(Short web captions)

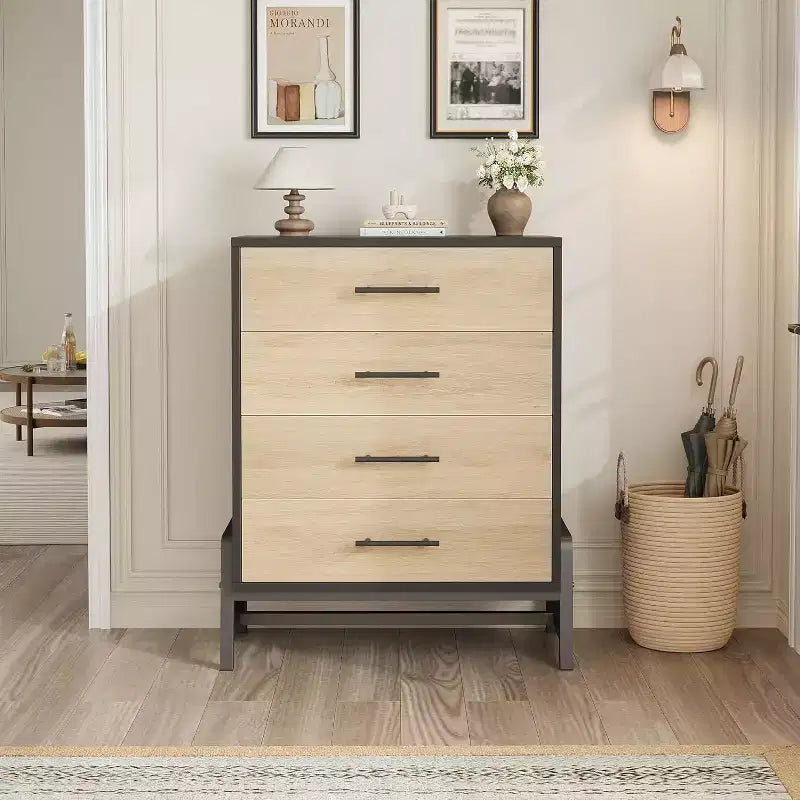 Cómoda alta de 4 cajones, cómoda de 38.6 con almacenamiento, cómoda moderna de madera para dormitorio, sala de estar o recibidor, roble natural + negro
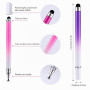 Amaxiu Lot de 3 Stylets 2 en 1 pour écrans tactiles avec Disque Transparent et Pointe en Silicone Haute sensibilité Compatible a
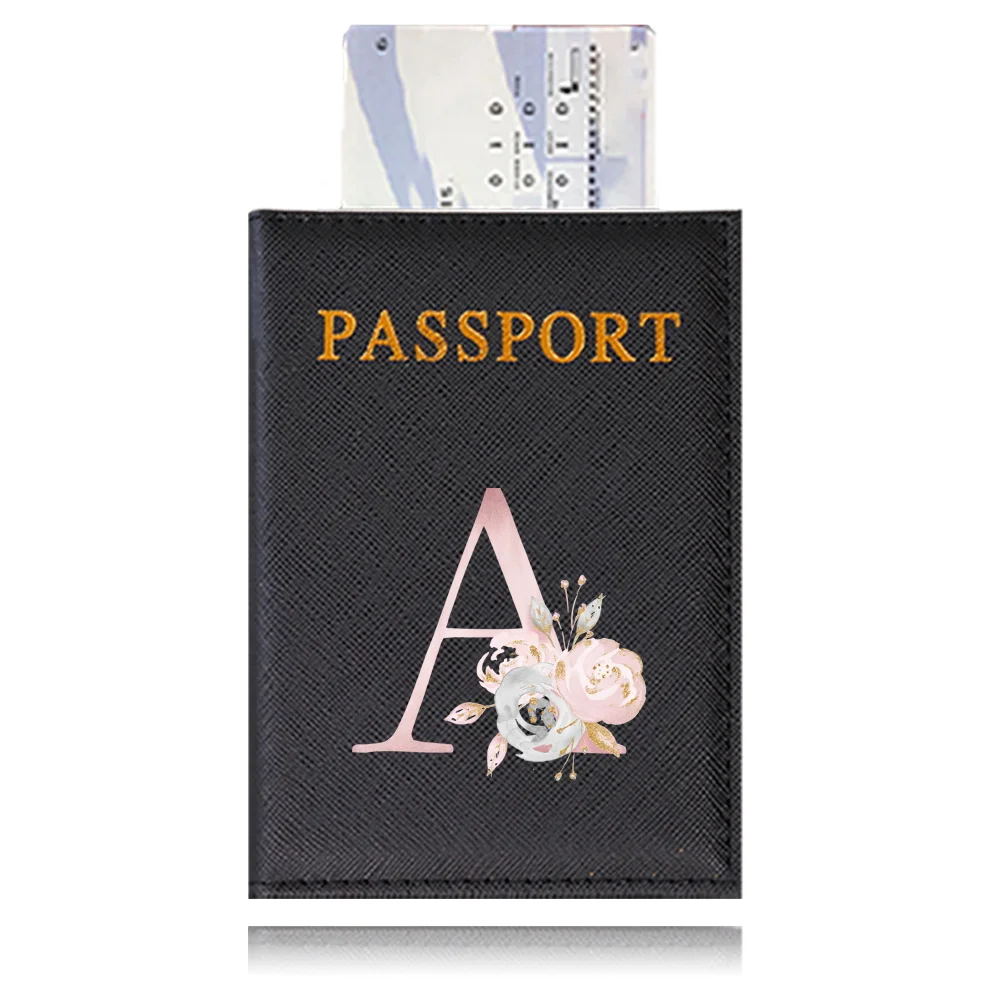 Flugzeug Pass Abdeckung rosa Blumenmuster Serie Reise Pass Fall schwarz Farbe Pass Brieftasche Geldbörse Pässe Inhaber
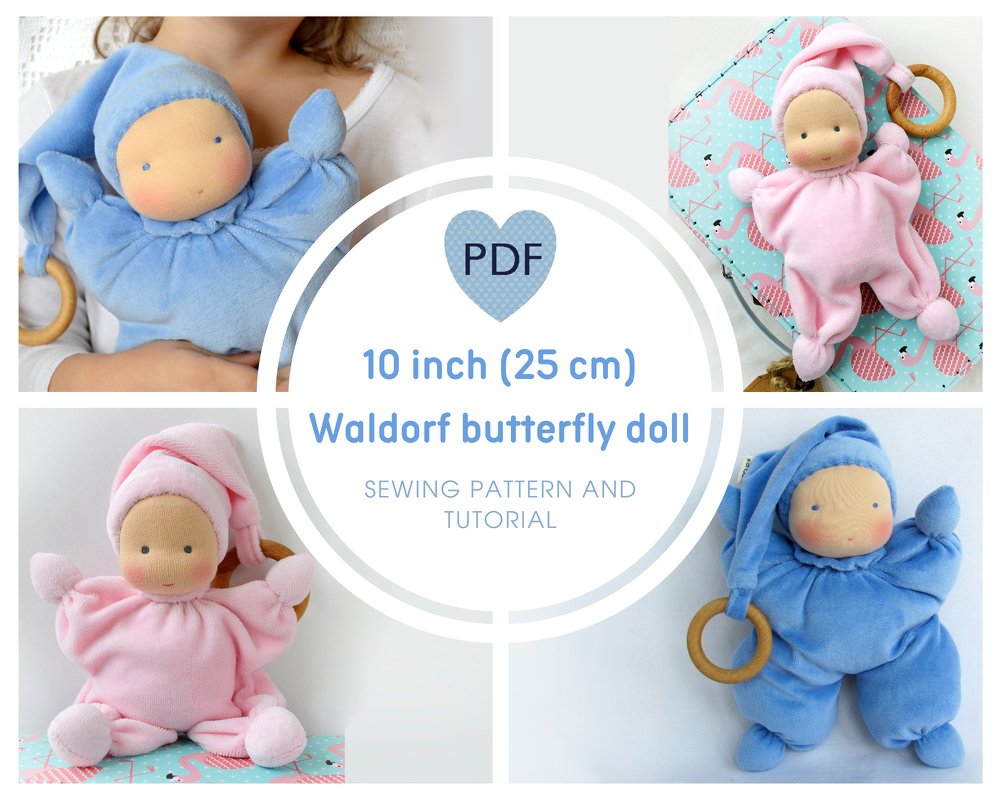 DIY Waldorf butterfly doll 10''/25 cm tall. PDF sewing pattern and tutorial
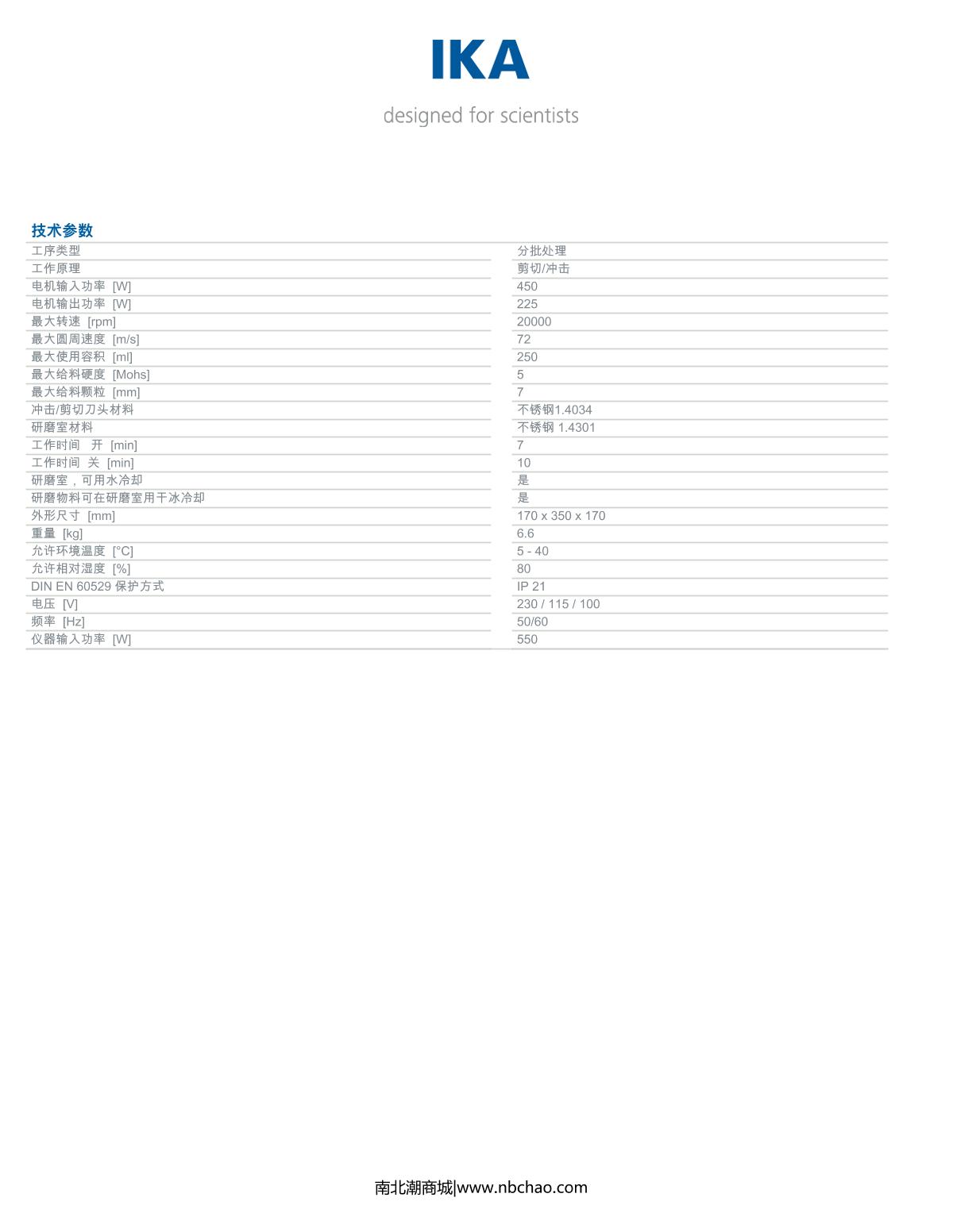 IKA M20 Universal mill Grinder brochure page 2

What is being asked
Only the lines from the one containing "Flugzeug Pass Abdeckung" through the last line of the entries, both included, should be repeated exactly, and the pictures should be left out.

The answer
 Flugzeug Pass Abdeckung rosa Blumenmuster Serie Reise Pass Fall schwarz Farbe Pass Brieftasche Geldbörse Pässe Inhaber
 DIY Waldorf butterfly doll 10''/25 cm tall. PDF sewing pattern and tutorial
 IKA M20 Universal mill Grinder brochure page 2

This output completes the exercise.